Question

Three silicon diodes connected parallel to each other as shown. Forward voltage of diode is 0.7 V. Find current through diode A : 

• A. \(\frac{113}{3}\)mA
• B. \(\frac{113}{6}\)mA
• C. \(\frac{113}{9}\)mA
• D. \(\frac{226}{3}\)mA

Hint:

Always check the orientation of diodes first.

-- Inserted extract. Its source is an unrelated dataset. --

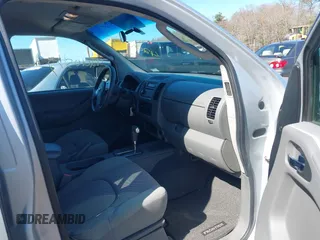 2007 Nissan Frontier SE with VIN 1N6AD09W97C423696, listed as a IAAI auction lot 42010577 with 117,096 mi miles. Bid and sale history available at carsss.com. Image 5.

A reverse-biased diode (like B here) is effectively invisible to the current, simplifying the parallel branches.

Answer 1

The Correct Option is B

Step 1: Understanding the Concept:
In a DC circuit, a silicon diode conducts current only when it is forward-biased.
Once forward-biased, it acts like a voltage source of magnitude equal to its barrier potential (0.7 V for Silicon).
Diodes that are reverse-biased act as open circuits and do not conduct current.
Step 2: Key Formula or Approach:
1. Identify biasing: Diodes A and C are forward-biased, while diode B is reverse-biased.
2. Apply Kirchhoff's Voltage Law (KVL): \(V_{source} = I_{total}R + V_{diode}\).
3. Divide current: Since diodes A and C are in parallel and identical, \(I_A = \frac{I_{total}}{2}\).
Step 3: Detailed Explanation:
The supply voltage is \(V = 12 \text{ V}\) and the series resistance is \(R = 0.3 \text{ k}\Omega = 300 \Omega\).
The voltage across the parallel combination of forward-biased diodes (A and C) is fixed at the forward voltage drop: \(V_f = 0.7 \text{ V}\).
The voltage drop across the resistor is:
\[ V_R = V - V_f = 12 - 0.7 = 11.3 \text{ V} \]
The total current flowing out of the resistor is:
\[ I_{total} = \frac{V_R}{R} = \frac{11.3 \text{ V}}{300 \Omega} = \frac{11.3}{0.3} \text{ mA} = \frac{113}{3} \text{ mA} \]
This total current splits equally between the two parallel forward-biased diodes A and C:
\[ I_A = \frac{I_{total}}{2} = \frac{113/3}{2} = \frac{113}{6} \text{ mA} \]
Step 4: Final Answer:
The current flowing through diode A is \(\frac{113}{6}\) mA.